■ Task item ■
Repeat the listing that follows character for character, omitting images.

■ Input records ■
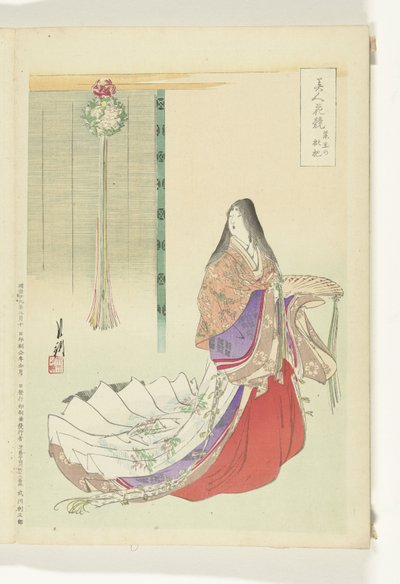 Dama de honor de Heian Comparaciones entre bellezas y flores (título de la serie) Bijin hana kurabe (título de la serie sobre el objeto) de Ogata Gekko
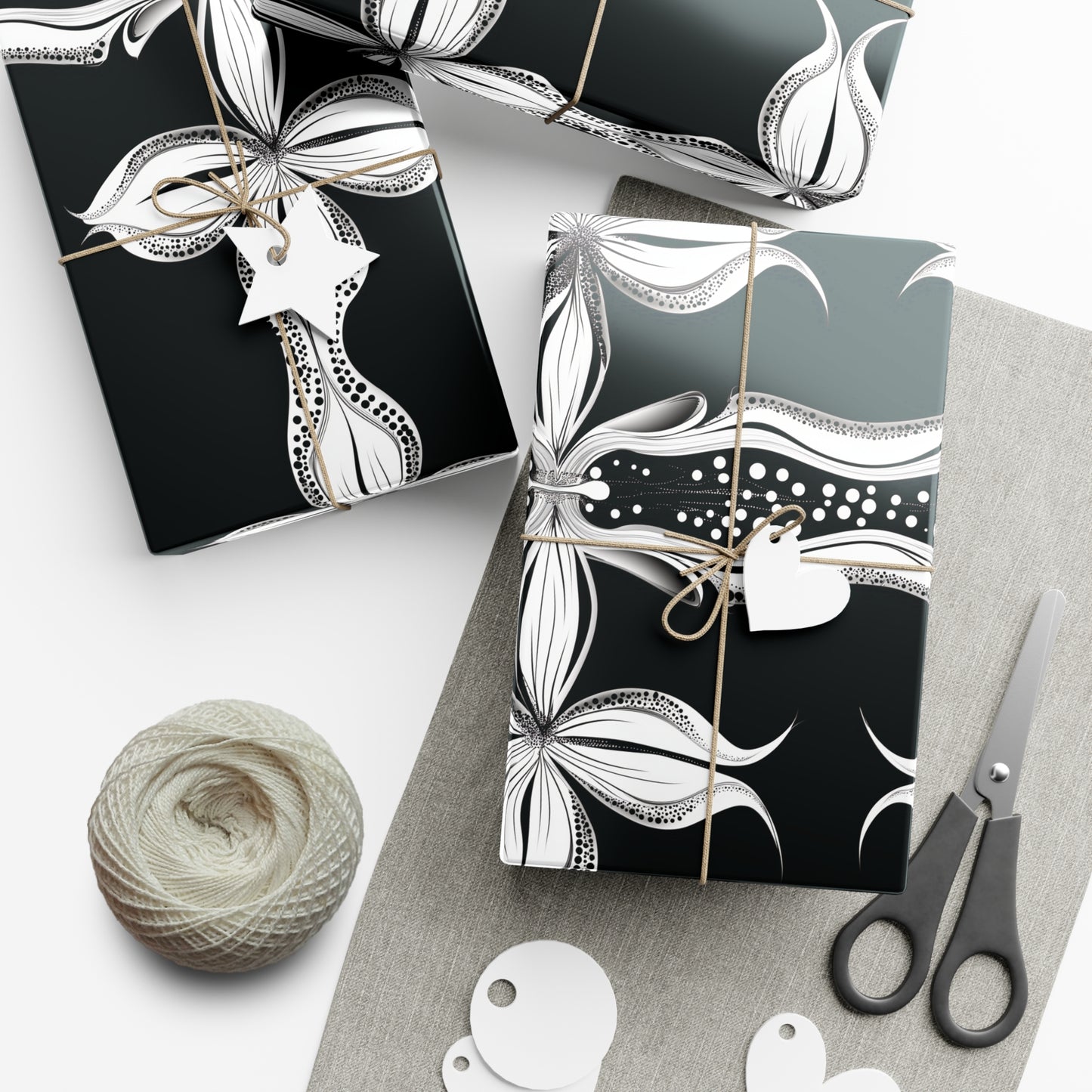 Black and White Lace Gift Wrap Papers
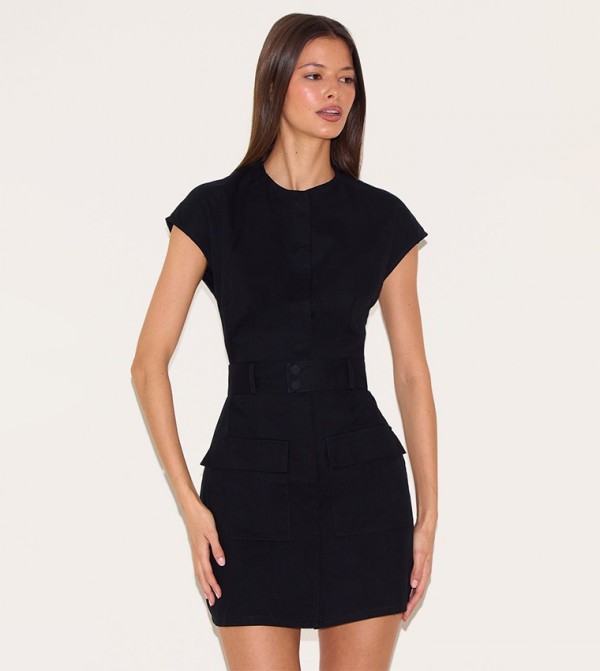Woven Utility Pocket Detail Mini Dress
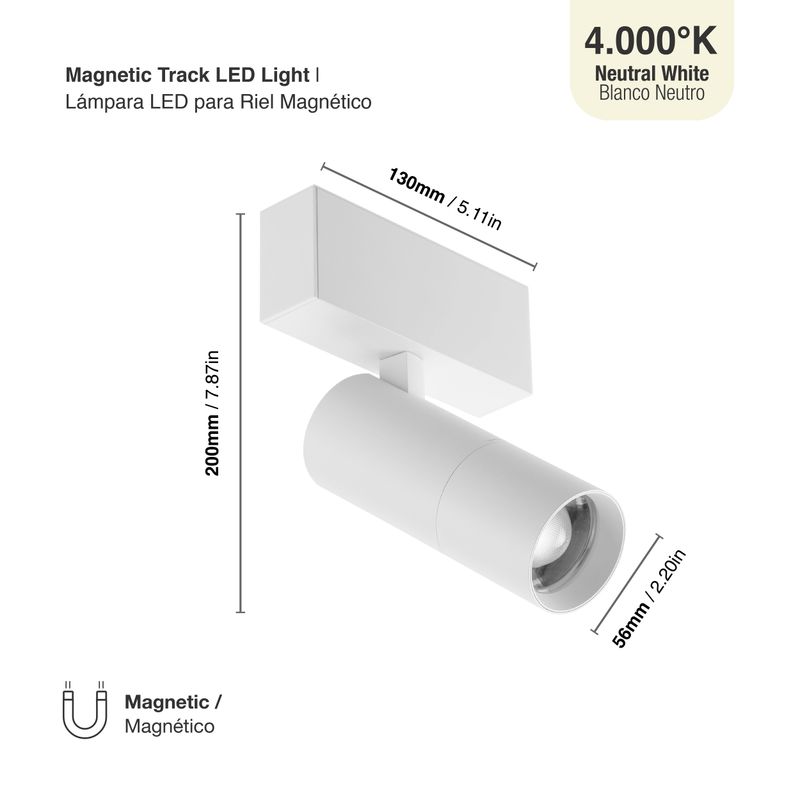 White Magnetic Track Light, Adjustable Beam Angle  20°- 60°, 10W, Neutral White, 4000K
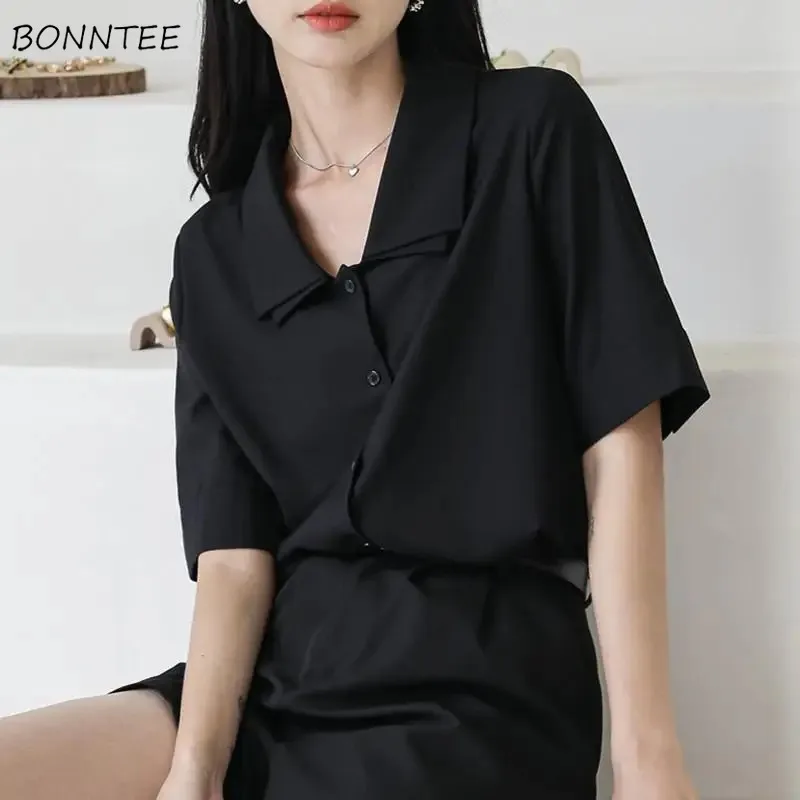 

Vintage Shirts for Women All-match Summer Tops Girls Design Niche Korean Style Soft Short Sleeve Thin Fashion Turn-down Collar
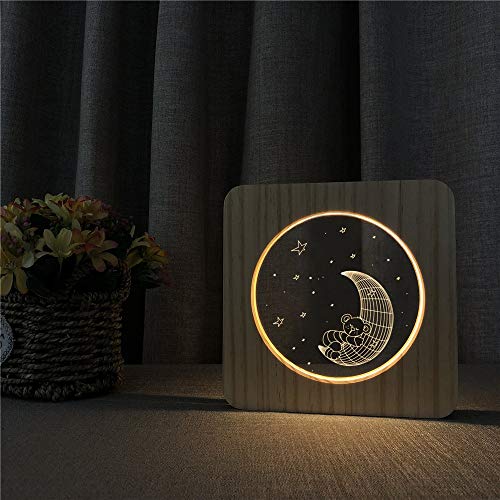 Lámpara de Grabado de Control de Interruptor de lámpara de Mesa de luz Nocturna de Madera acrílica para Regalo de Ventilador de Amigos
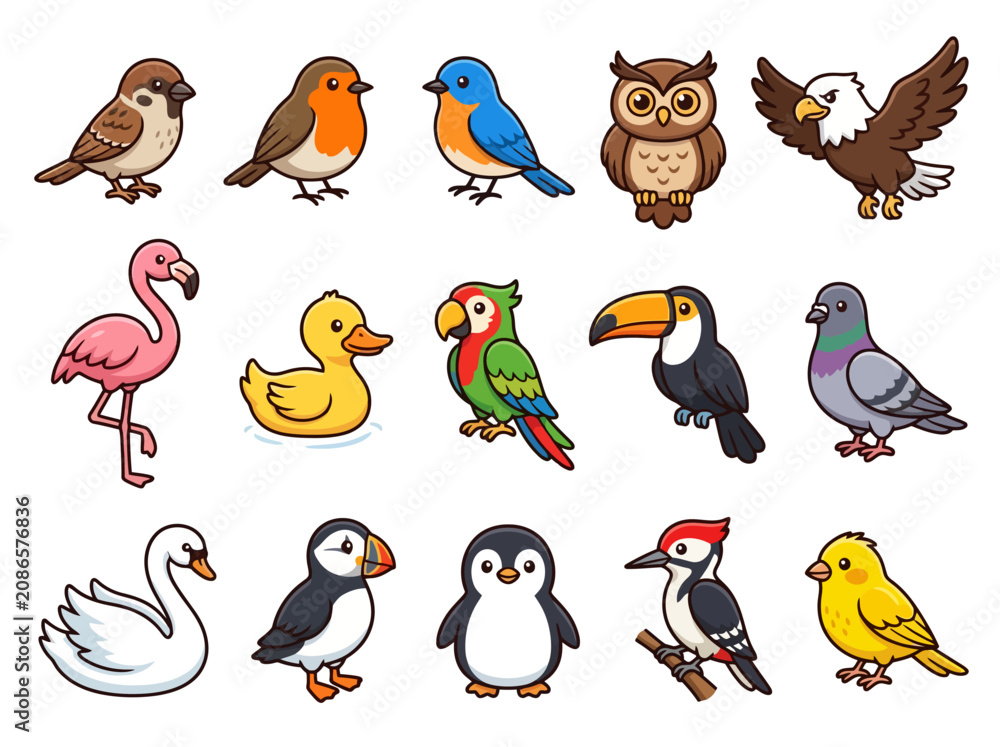 Fototapeta premium A collection of cute cartoon birds including owl eagle parrot penguin and flamingo.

■ Written solution ■
 Dama de honor de Heian Comparaciones entre bellezas y flores (título de la serie) Bijin hana kurabe (título de la serie sobre el objeto) de Ogata Gekko
 Black and White Lace Gift Wrap Papers
Woven Utility Pocket Detail Mini Dress
 White Magnetic Track Light, Adjustable Beam Angle  20°- 60°, 10W, Neutral White, 4000K

Vintage Shirts for Women All-match Summer Tops Girls Design Niche Korean Style Soft Short Sleeve Thin Fashion Turn-down Collar
 Lámpara de Grabado de Control de Interruptor de lámpara de Mesa de luz Nocturna de Madera acrílica para Regalo de Ventilador de Amigos
 Fototapeta premium A collection of cute cartoon birds including owl eagle parrot penguin and flamingo.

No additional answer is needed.